--- Available data Enclosed Below ---

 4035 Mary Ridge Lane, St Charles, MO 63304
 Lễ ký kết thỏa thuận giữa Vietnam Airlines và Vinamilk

--- End of Enclosed Available data ---
--- Available data Enclosed Below ---

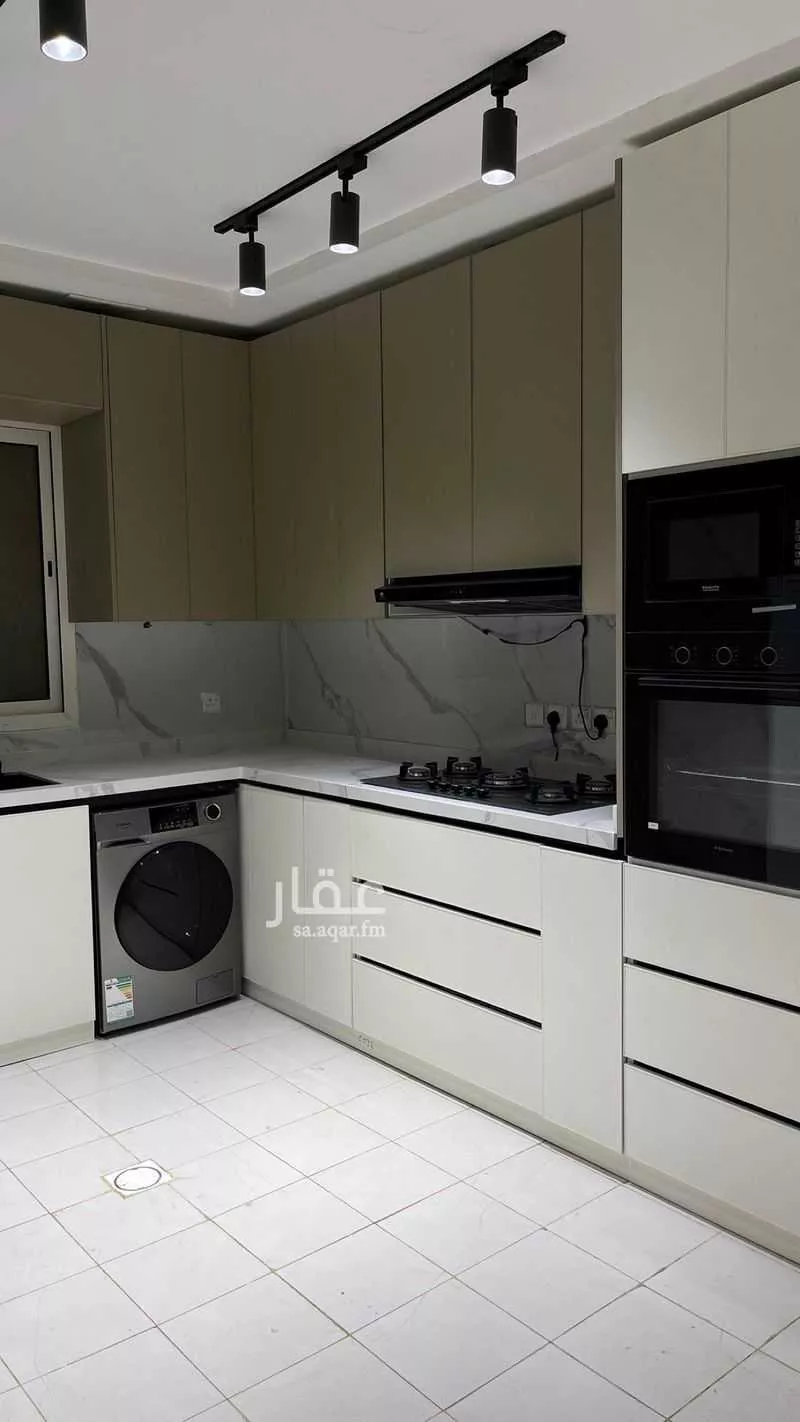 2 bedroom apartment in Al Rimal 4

--- End of Enclosed Available data ---

= Prompt =
Restate word for word the lines of the data above, starting at the line containing "4035 Mary Ridge Lane, St Charles, MO 63304" and ending at the line containing "Lễ ký kết thỏa", both included, and nothing more.

= Exercise result =
 4035 Mary Ridge Lane, St Charles, MO 63304
 Lễ ký kết thỏa thuận giữa Vietnam Airlines và Vinamilk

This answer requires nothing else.